For the past four years I have worked at a non-profit that works with at risk youth. As part of our program we teach our life coaching curriculum to youth in small group settings at public middle and high schools. The groups vary in size, and the crowd is typically unsure about myself and my fellow coaches. I would not call it hostile territory, it also isn’t a friendly and receptive environment either. I still remember my first time in front of the first batch of students that we were using as guinea pigs testing our almost done material that I had only just become familiar with. I went in so confident because I had been speaking in front of people for years, sometimes in front of thousands of students. I had this. The fact was I didn’t have it, and the worst part is that I didn’t realize it. And it wasn’t me who would feel the negative impact the most, it was the youth I was trying to help and teach. As I stood up there unprepared for the task I willingly agreed to, I had an almost out of body experience. It was one of those times where I watched myself say words and I wish I would stop. My presentation was choppy, and I was so concerned with getting out the information out that I wasn’t even concerned with interaction. I missed the whole point! That days opportunity was shot. The whole reason we are there is to interact and build relationships so that when it counts our voice matters. Over time I learned better through more awkward class time and learning from my mistakes, some cringe worthy mistakes that other people have made. These are the rules that I follow in a small group discussions.

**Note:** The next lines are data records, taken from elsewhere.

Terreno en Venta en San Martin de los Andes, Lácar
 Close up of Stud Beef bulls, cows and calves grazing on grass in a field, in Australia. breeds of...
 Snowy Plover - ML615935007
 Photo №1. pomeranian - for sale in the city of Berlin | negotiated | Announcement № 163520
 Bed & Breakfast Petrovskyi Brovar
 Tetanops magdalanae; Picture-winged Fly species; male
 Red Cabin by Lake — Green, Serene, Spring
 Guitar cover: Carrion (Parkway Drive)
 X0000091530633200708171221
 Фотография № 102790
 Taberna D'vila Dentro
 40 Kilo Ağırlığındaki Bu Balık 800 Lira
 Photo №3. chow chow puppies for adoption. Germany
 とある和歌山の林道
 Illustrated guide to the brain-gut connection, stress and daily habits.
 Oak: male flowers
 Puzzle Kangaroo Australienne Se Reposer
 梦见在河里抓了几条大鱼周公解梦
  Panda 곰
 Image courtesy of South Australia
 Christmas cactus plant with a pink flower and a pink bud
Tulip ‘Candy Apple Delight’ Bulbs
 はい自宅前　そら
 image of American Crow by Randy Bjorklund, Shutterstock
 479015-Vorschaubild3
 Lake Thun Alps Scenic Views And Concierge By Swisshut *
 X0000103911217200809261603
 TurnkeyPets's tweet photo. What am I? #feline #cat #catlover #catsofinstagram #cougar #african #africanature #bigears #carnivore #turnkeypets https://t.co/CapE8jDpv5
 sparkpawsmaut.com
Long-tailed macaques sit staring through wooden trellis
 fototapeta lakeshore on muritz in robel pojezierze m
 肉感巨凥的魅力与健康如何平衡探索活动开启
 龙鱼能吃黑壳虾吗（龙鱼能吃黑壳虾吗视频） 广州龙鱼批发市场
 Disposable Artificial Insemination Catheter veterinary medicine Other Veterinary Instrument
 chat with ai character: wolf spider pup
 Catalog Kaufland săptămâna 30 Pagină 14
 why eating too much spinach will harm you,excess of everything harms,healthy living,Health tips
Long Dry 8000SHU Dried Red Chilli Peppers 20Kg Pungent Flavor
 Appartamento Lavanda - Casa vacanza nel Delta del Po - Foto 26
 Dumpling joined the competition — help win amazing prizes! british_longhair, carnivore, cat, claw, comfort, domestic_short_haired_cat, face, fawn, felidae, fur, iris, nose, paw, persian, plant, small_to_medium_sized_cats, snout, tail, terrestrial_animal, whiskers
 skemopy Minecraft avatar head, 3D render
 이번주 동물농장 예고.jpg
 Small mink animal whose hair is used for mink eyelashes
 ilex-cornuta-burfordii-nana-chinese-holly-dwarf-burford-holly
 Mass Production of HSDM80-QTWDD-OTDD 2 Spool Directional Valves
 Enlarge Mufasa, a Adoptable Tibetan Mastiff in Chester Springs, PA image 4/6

1. Have a Bottom Up Approach
In the development of our life coaching curriculum at StudentReach we worked off a bare bones version that was the undeveloped brain child of a friend of our organization Scott Braden. When working to bulk up the material by adding some videos and activities we also added components that we knew would be helpful for the youth we were working with. Things like how credit works, proper investment strategies and the fact that college students will change their majors an average of three times before settling on one. But our students were not into it. We started to find reasons to skip those sessions a move on to other sesions because we grew to hate them. Periodically we would we would meet with Scott to touch base and get feedback from him on our progress. At one of our meetings we shared with him our dilemma. He listened attentively, nodding his head to indicate that he was listening. After we were done he explained that we had a “Top Down” mentality and we need to have a “Bottom Up Mentality”. Yeah, I was confused too. But as he explained I understood. A “Top Down Mentality” says I know more than you, your questions don’t matter, I am going to tell you what is really important (said with a pointing finger). A “Bottom Up Mentality” forces us to put ourselves in the shoes of the audience you are serving, in my case teenagers. Yes, knowing how credit works is important as well as handling money in general, but a 15 year old boy is not interested in living by a strict budget. We have to ask ourselves what questions are they asking, what are the things that keep them up at night. This takes us listening and learning about the people that are participating in the group discussions and tailoring the discussion to them.
2. Say Something Shocking!
My goal when talking to people is to be remembered. I do this by saying something shocking or sometimes slightly offensive. It’s a trick I learned years ago. When I was young I once heard a speaker say something shocking that was almost offensive, I questioned if I should even stay. But as I broke it down, I actually thought what he said was true and was something I agreed with, but I was intrigued. He did this several times during his talk. I realized what he was doing, he was keeping my attention! By saying things in a way that seemed slightly offensive, or saying talking about some sensitive issues with out dancing around the issue he held my attention. Although risky, communicating in this way is not without reward. As people work through their slight offense/shocking they will continue to listen the way that I did. You just have to make sure you say something worth listening to. Donald Trump uses this tactic but is lacking in any real substance. I’ve danced on the line a few times, slipped and fell in the way of making some people mad and had todo some smoothing over. Most of the time I make it through relatively unscathed. It’s a good tool for hard crowds. The important thing is not to say anything actually offensive, just saying what you want to communicate in a way that causes a reaction inside of the listener.